Dear Rasmus and Tim,
I hope I don't annoy you too much but I'm still convinced
that r^-1/6 averages are the not the thing that one should be
interested in. IMHO there is 'One Best Way To Do It', and I hope I
can persuade you of my point of view, especially since the concept
Resonance Object in the CCPN datamodel make it relatively easy to
do it right.
I agree that it's a complicated situation with different kinds
of distances, distance averages, different kinds of ambiguities.
Let's not make it overly complicated by confusing inexperienced
users with flawed concepts like r^-1/6 averages.

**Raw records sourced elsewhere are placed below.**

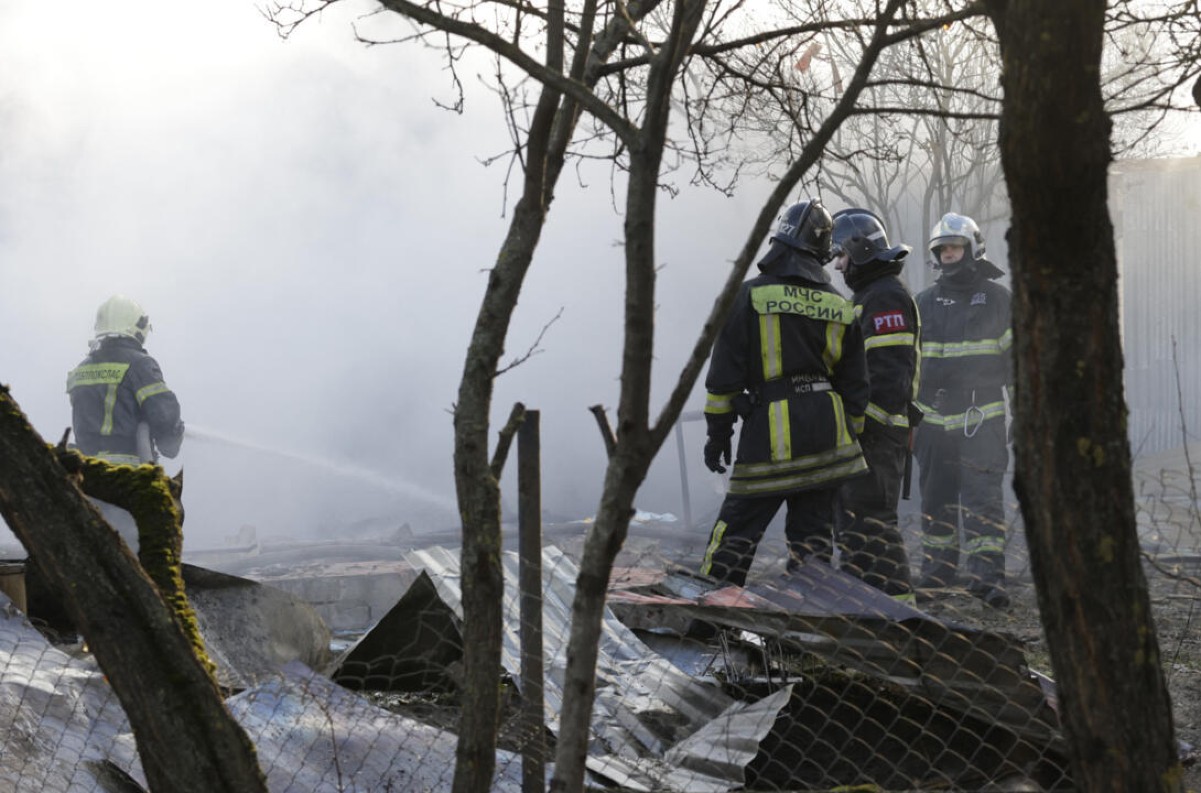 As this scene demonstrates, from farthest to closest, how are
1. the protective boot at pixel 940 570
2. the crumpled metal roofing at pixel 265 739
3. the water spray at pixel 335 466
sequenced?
1. the water spray at pixel 335 466
2. the protective boot at pixel 940 570
3. the crumpled metal roofing at pixel 265 739

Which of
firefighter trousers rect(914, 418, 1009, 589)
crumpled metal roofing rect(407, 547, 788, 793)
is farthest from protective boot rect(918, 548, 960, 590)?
crumpled metal roofing rect(407, 547, 788, 793)

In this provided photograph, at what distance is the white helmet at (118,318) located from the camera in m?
7.47

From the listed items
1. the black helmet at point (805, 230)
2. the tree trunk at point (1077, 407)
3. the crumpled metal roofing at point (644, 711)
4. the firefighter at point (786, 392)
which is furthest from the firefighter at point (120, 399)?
the tree trunk at point (1077, 407)

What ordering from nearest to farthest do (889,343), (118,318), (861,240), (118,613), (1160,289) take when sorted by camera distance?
(118,613) < (889,343) < (861,240) < (118,318) < (1160,289)

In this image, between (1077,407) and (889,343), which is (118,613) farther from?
(889,343)

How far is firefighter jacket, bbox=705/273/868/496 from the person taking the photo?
5168mm

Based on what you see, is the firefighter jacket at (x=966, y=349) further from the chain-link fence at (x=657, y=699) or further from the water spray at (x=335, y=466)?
the water spray at (x=335, y=466)

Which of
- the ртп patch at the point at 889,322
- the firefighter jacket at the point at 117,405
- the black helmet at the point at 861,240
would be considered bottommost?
the firefighter jacket at the point at 117,405

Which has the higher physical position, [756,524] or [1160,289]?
[1160,289]

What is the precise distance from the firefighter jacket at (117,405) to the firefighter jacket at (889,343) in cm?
412

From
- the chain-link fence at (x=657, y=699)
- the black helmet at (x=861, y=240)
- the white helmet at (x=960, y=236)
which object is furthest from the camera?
the white helmet at (x=960, y=236)

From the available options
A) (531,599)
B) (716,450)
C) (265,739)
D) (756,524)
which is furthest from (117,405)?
(531,599)

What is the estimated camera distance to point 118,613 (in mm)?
2080

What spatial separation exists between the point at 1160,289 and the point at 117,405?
14.3 metres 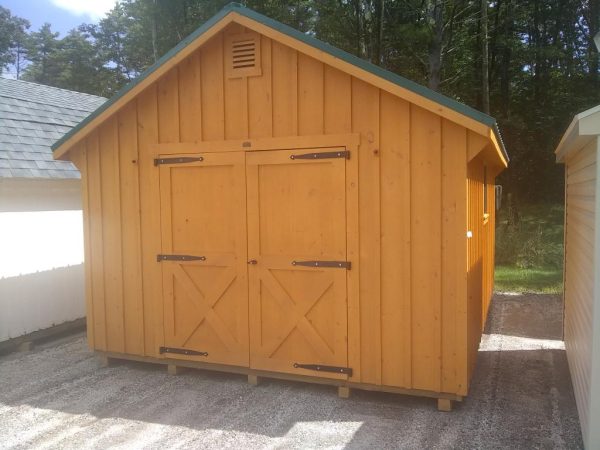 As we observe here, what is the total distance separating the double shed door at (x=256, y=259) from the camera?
17.5 ft

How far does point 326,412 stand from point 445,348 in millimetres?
1190

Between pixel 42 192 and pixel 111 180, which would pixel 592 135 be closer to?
pixel 111 180

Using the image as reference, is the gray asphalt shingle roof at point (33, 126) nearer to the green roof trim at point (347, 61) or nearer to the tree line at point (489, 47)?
the green roof trim at point (347, 61)

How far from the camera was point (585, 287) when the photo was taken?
4.68 meters

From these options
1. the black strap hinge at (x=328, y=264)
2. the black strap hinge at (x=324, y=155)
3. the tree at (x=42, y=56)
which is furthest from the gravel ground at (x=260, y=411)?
the tree at (x=42, y=56)

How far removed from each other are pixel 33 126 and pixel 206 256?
4.98 meters

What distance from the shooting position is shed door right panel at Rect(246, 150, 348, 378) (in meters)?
5.30

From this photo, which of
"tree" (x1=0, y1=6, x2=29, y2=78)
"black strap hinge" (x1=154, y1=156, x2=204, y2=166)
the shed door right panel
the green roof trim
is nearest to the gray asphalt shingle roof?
the green roof trim

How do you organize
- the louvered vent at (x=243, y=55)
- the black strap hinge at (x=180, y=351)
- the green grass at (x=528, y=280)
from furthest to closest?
1. the green grass at (x=528, y=280)
2. the black strap hinge at (x=180, y=351)
3. the louvered vent at (x=243, y=55)

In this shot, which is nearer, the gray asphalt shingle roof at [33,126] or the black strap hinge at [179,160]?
the black strap hinge at [179,160]

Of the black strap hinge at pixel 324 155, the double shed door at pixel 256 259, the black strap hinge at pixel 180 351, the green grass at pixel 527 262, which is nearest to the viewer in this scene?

The r^-1/6 sum should be seen as a convenient representation of the NOE
intensity (measured or calculated) in a familiar unit. When there are
contributions from multiple pairs to the NOE, these contributions always add up
and are never averaged.
During typing this I realized there *is* a use case for r^-1/6 averages
and that is ensemble and/or time-averaging. But then the averaging is only
over distances between identical pairs in different models, and never over the
different components of a distance restraints. (and for time averaging r^-1/3 is
supposed to be better.
Could it be that where you say you want to use the r^-1/6 average
of a set of distances, you are really interested in the _minimum_
distance of a number of possibilities, not actually in any kind of average
over those possiblilites?
If you want to evaluate vdW clashes between two groups of atoms (perhaps resonance
objects)
you want the minimum distance between the individual atoms, because that is
the number that determines whether there's a violation. It's best to
view vdW clashed this entirely separate from NOE analysis.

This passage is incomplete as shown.